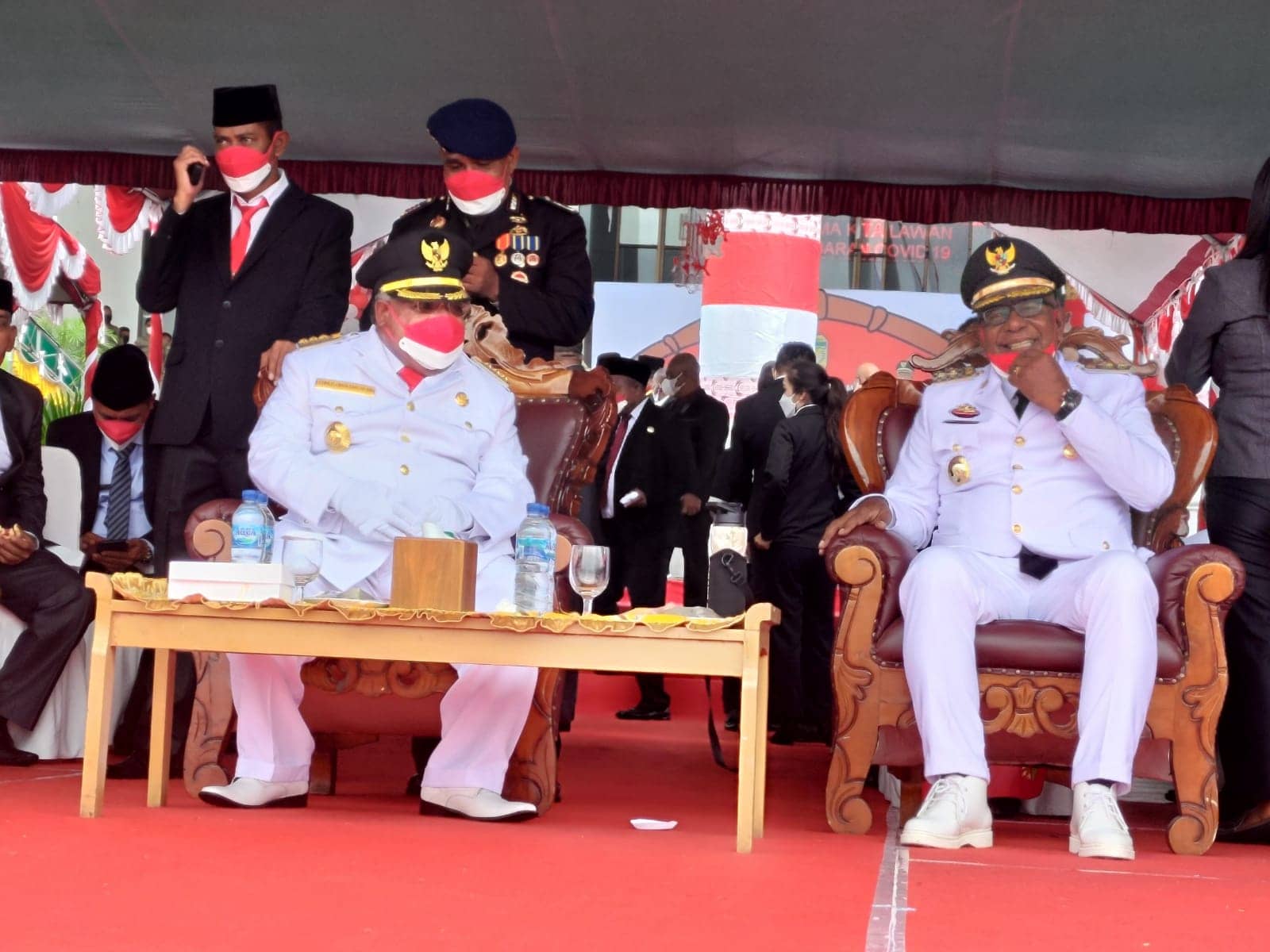 Bupati Johannes Rettob dan Wakil Bupati Johannes Rettob saat acara HUT RI ke 76 di Sentral Pemerintahan SP 3.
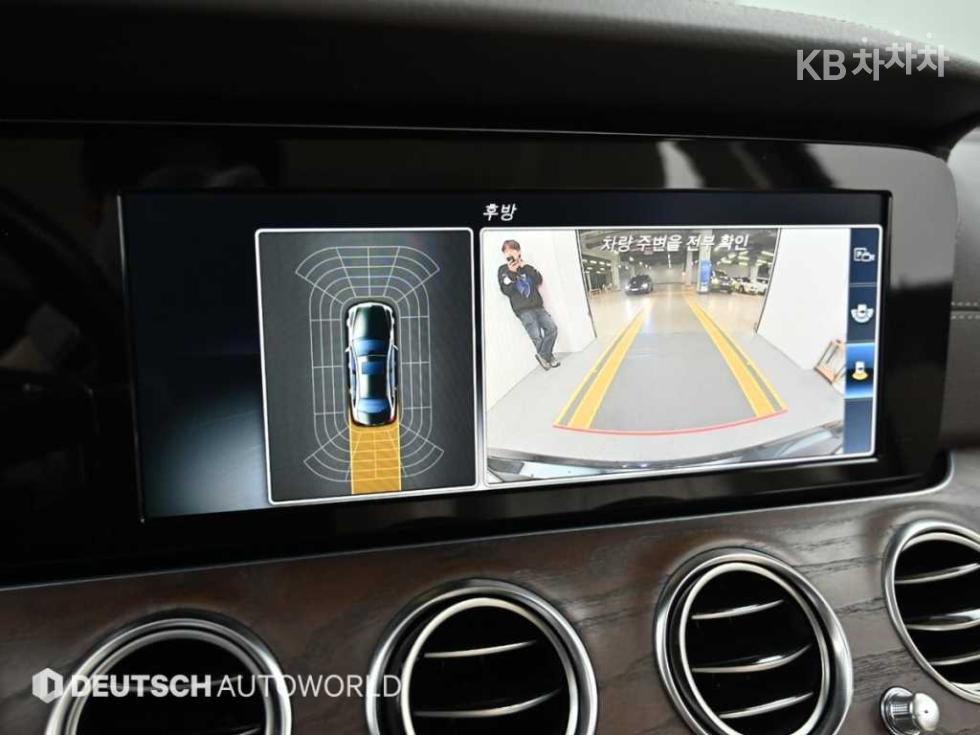Mercedes-Benz E-klasse — miniaturë 15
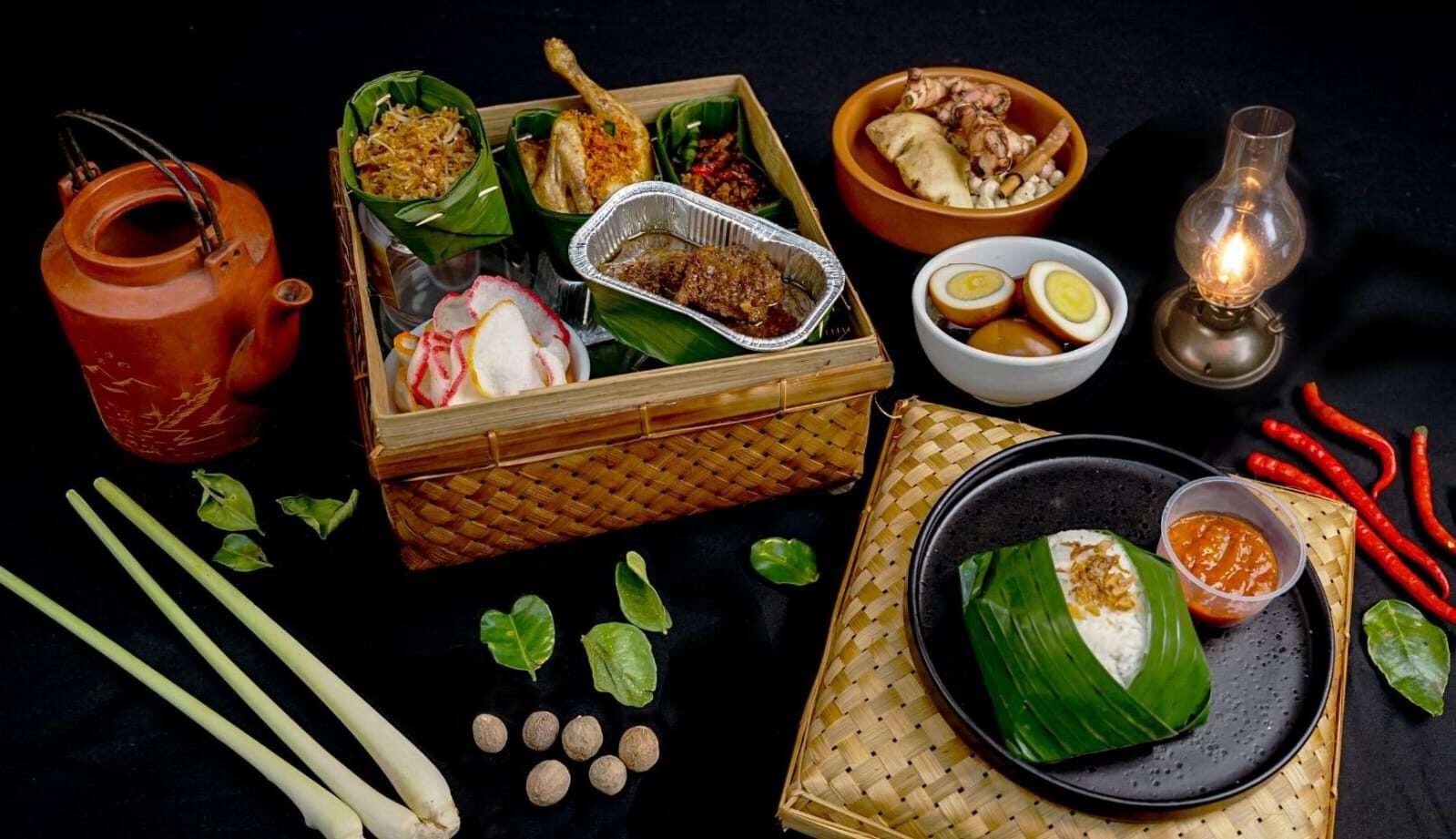 Sambut Lebaran, ARYADUTA Menteng Luncurkan Paket Hantaran Hari Raya Kolaborasi dengan Chef William Wongso
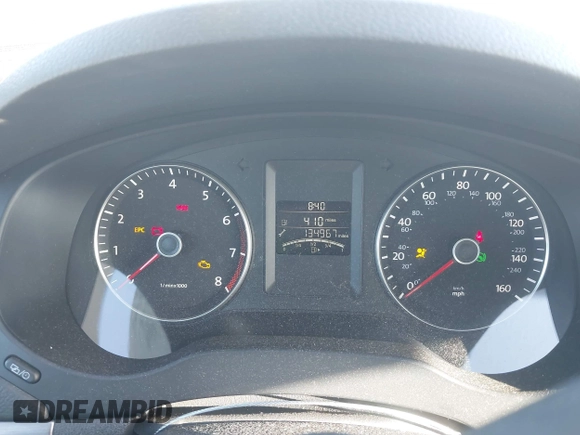 2014 Volkswagen Jetta SEL z VIN 3VWL17AJ8EM336569, wystawiony jako IAAI lot #41975776 z przebiegiem 134 967 mil mil oraz . Historia ofert i sprzedaży dostępna na DreamBid. Obrazek 7.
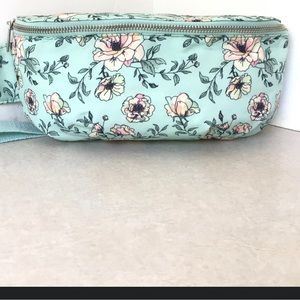 NWOT Vintage mint green & pink Fanny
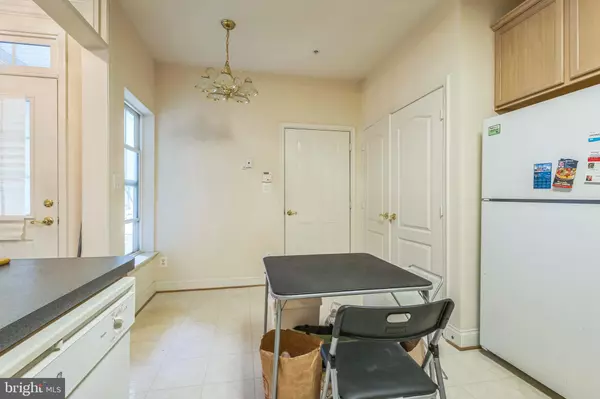 Laurel, MD 20707,7206 PAPERBARK TER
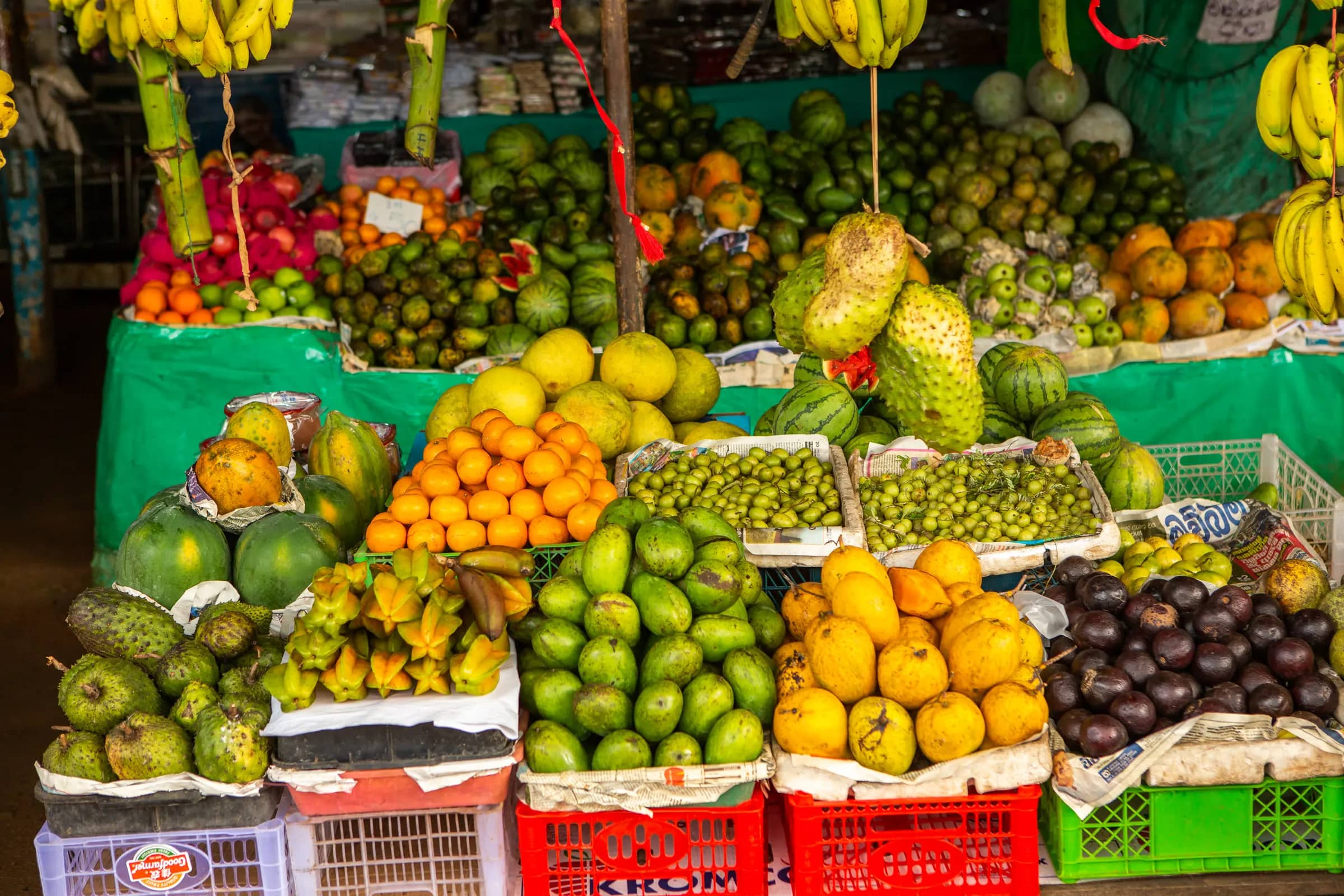 Tropische Früchte auf einem Markt in Sri Lanka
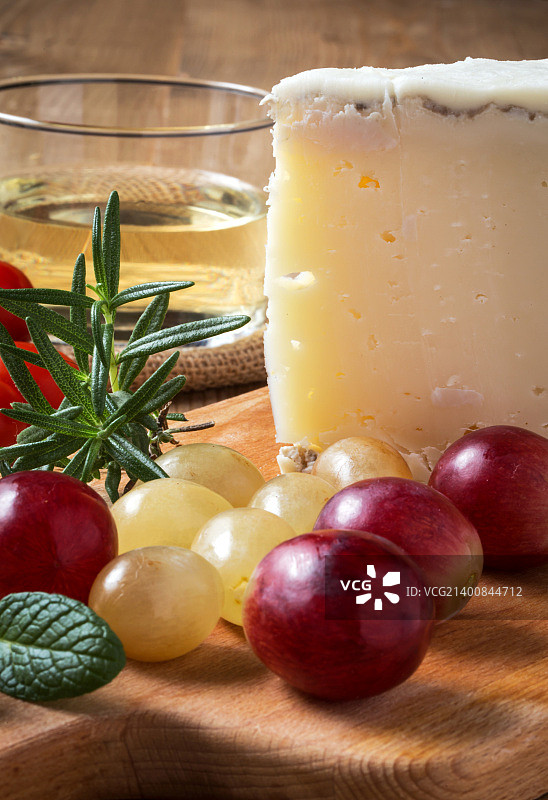 曼彻格奶酪配葡萄、薄荷和迷迭香图片素材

------------------------

What to produce
Leave the images out and print each entry exactly.

Answer to the problem
 Bupati Johannes Rettob dan Wakil Bupati Johannes Rettob saat acara HUT RI ke 76 di Sentral Pemerintahan SP 3.
Mercedes-Benz E-klasse — miniaturë 15
 Sambut Lebaran, ARYADUTA Menteng Luncurkan Paket Hantaran Hari Raya Kolaborasi dengan Chef William Wongso
 2014 Volkswagen Jetta SEL z VIN 3VWL17AJ8EM336569, wystawiony jako IAAI lot #41975776 z przebiegiem 134 967 mil mil oraz . Historia ofert i sprzedaży dostępna na DreamBid. Obrazek 7.
 NWOT Vintage mint green & pink Fanny
 Laurel, MD 20707,7206 PAPERBARK TER
 Tropische Früchte auf einem Markt in Sri Lanka
 曼彻格奶酪配葡萄、薄荷和迷迭香图片素材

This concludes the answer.